TASK DESCRIPTION: In the records below, find the line with "May include: Five", then copy each line exactly until you have copied the line with "Photo for Defocused". Leave any picture out.

RECORDS SUPPLIED:
____

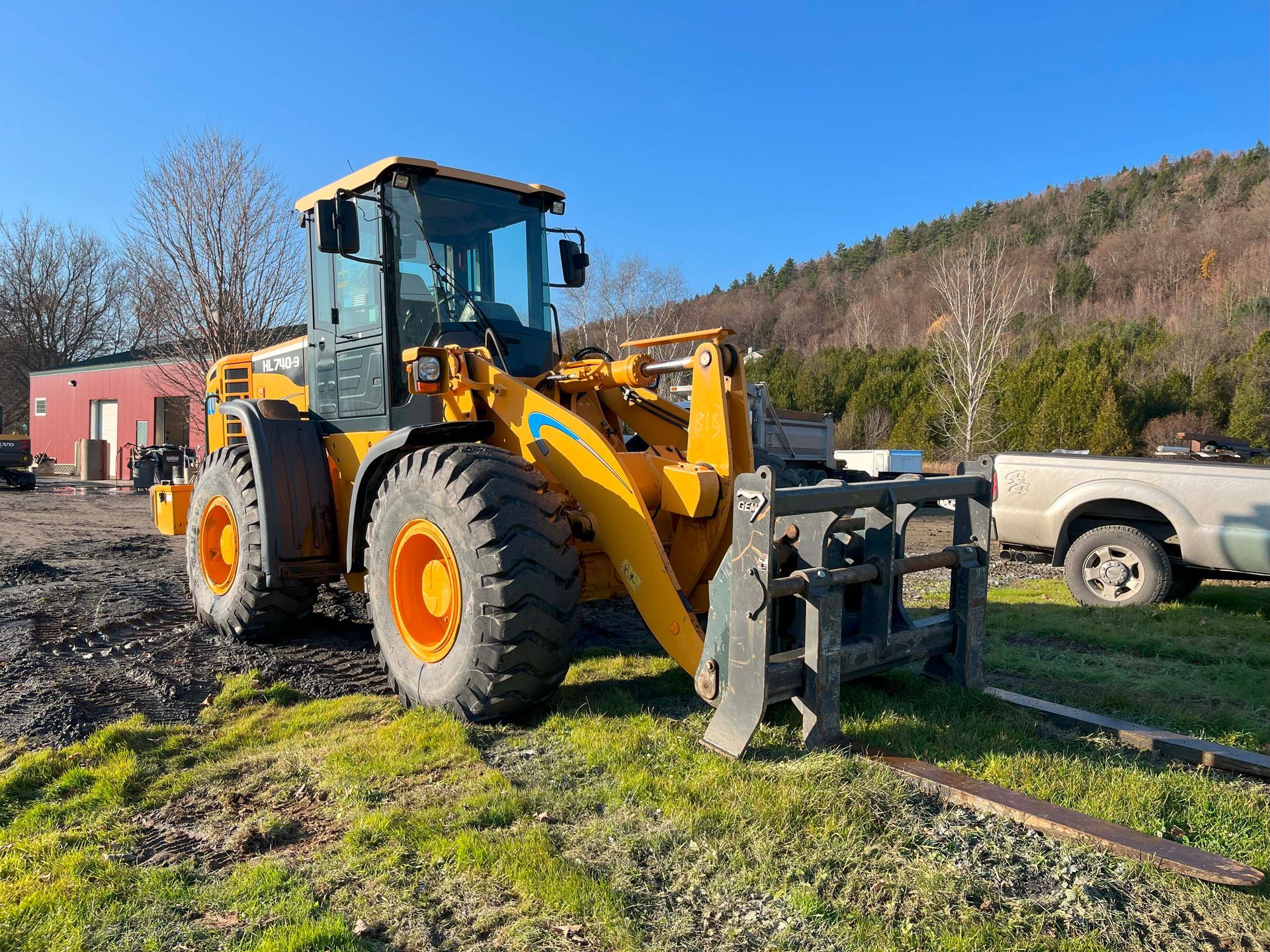 Yellow front loader on a grassy dirt lot beside a pickup truck, with a red container and hills in the background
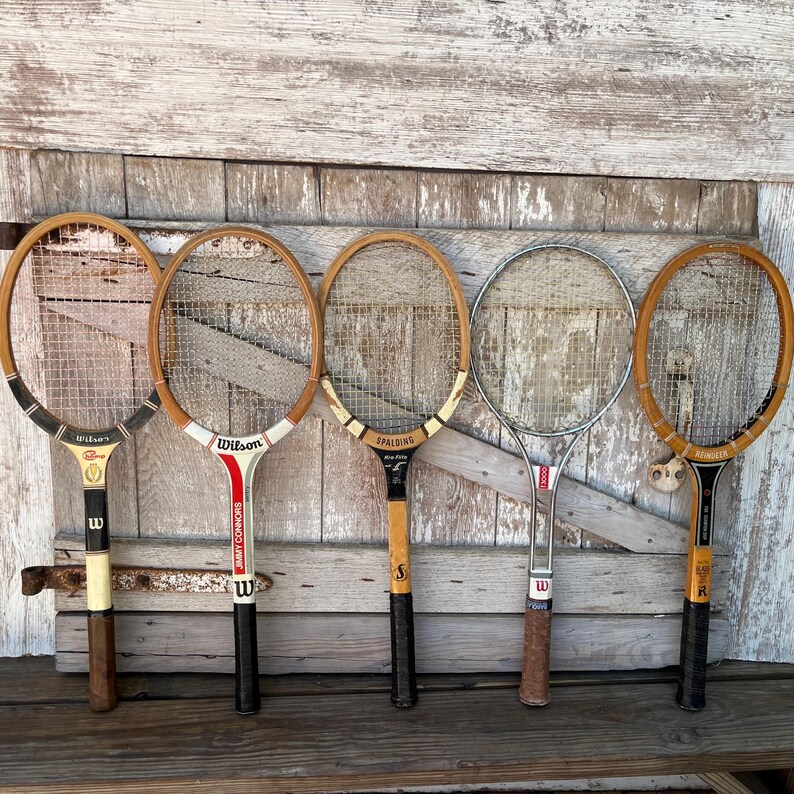 May include: Five vintage tennis rackets arranged in a row. The collection includes three wooden rackets with varied branding like Wilson and Spalding, one metal Wilson T3000 racket, and one wooden racket with black and tan accents and white strings.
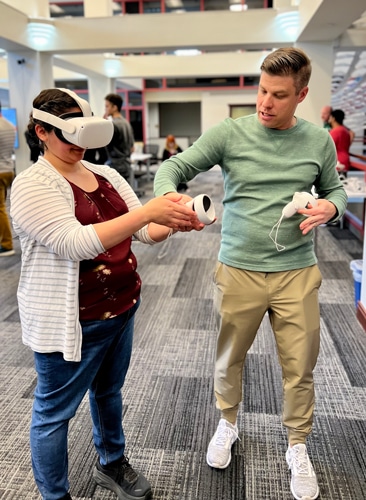 An ARS team member helping a person test a virtual reality headset and controllers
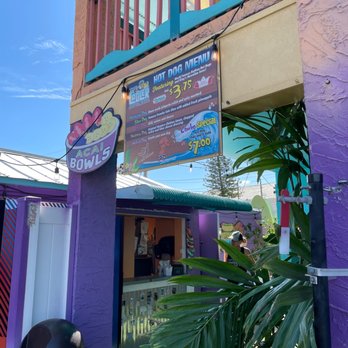The Cooler - a colorful building with a sign for a restaurant - Acai Bowls Near Me - Clearwater, Florida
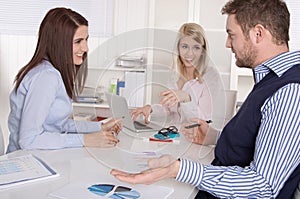 Business meeting: academics and controller sitting around a table.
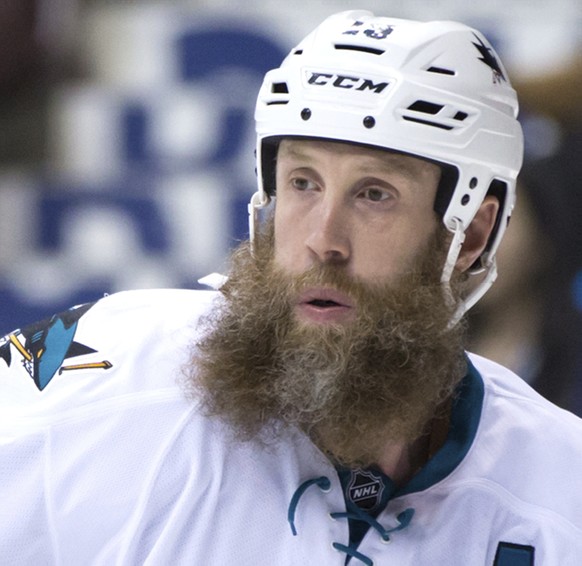 San Jose Sharks&#039; Joe Thornton watches play during the first period of the team&#039;s NHL hockey game against the Vancouver Canucks on Sunday, April 2, 2017, in Vancouver, British Columbia. (Darr ...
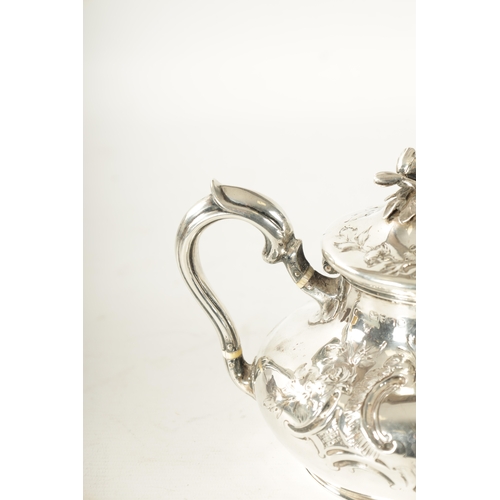 294 - A LATE REGENCY SILVER TEAPOT decorated with rococo style leafwork scrolls and rose finial with bone ... 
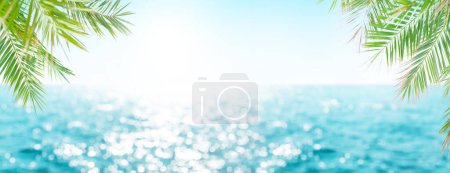 Photo for Defocused blue sea landscape background with sunny bokeh and palm leaves - Royalty Free Image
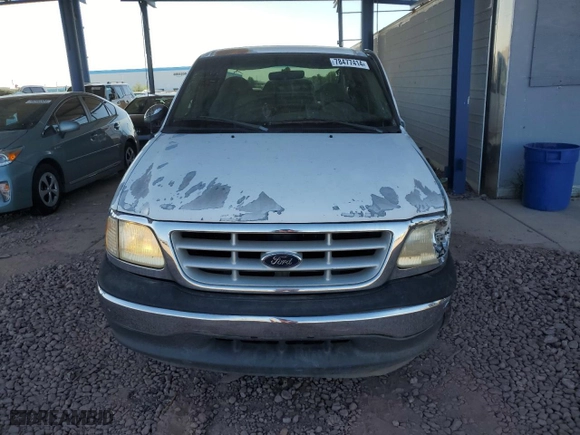 1999 Ford F-250 Work Series with VIN 1FTRX27L4XKA94798, listed as a Copart auction lot 78477414 with NaN miles and Salvage Title. Bid and sale history available at carsss.com. Image 5.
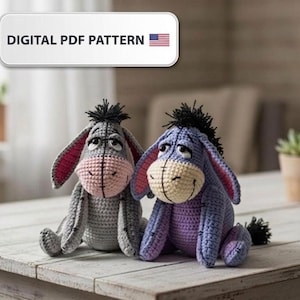 Peut inclure: Deux peluches d'ânes crochetées à la main, grises et violettes, avec des oreilles intérieures roses et des crinières noires, sont posées sur une surface en bois. Le texte "DIGITAL PDF PATTERN" est affiché au-dessus des jouets, avec une petite icône du drapeau américain.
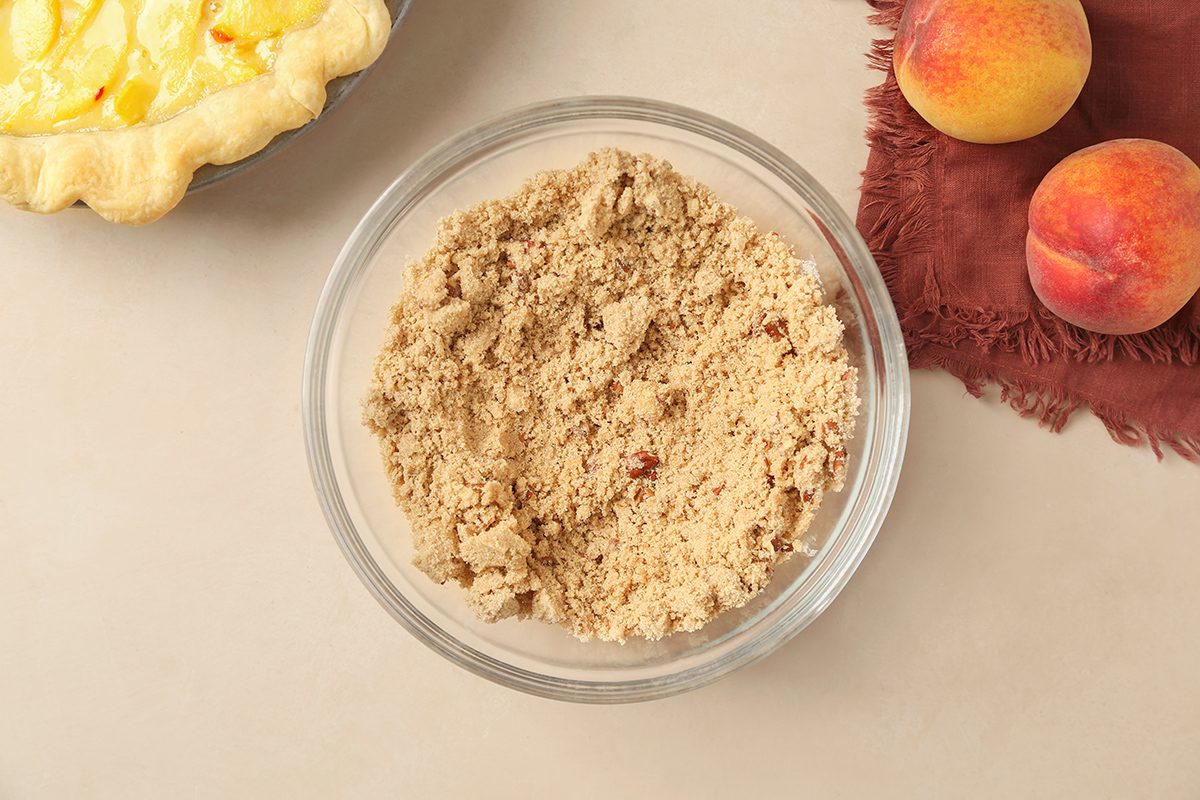 A glass bowl filled with brown crumb topping sits on a light surface near two peaches, a maroon cloth, and part of a baked pie.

____

RESPONSE TO THIS TASK:
 May include: Five vintage tennis rackets arranged in a row. The collection includes three wooden rackets with varied branding like Wilson and Spalding, one metal Wilson T3000 racket, and one wooden racket with black and tan accents and white strings.
 An ARS team member helping a person test a virtual reality headset and controllers
The Cooler - a colorful building with a sign for a restaurant - Acai Bowls Near Me - Clearwater, Florida
 Business meeting: academics and controller sitting around a table.
 San Jose Sharks&#039; Joe Thornton watches play during the first period of the team&#039;s NHL hockey game against the Vancouver Canucks on Sunday, April 2, 2017, in Vancouver, British Columbia. (Darr ...
 294 - A LATE REGENCY SILVER TEAPOT decorated with rococo style leafwork scrolls and rose finial with bone ... 
 Photo for Defocused blue sea landscape background with sunny bokeh and palm leaves - Royalty Free Image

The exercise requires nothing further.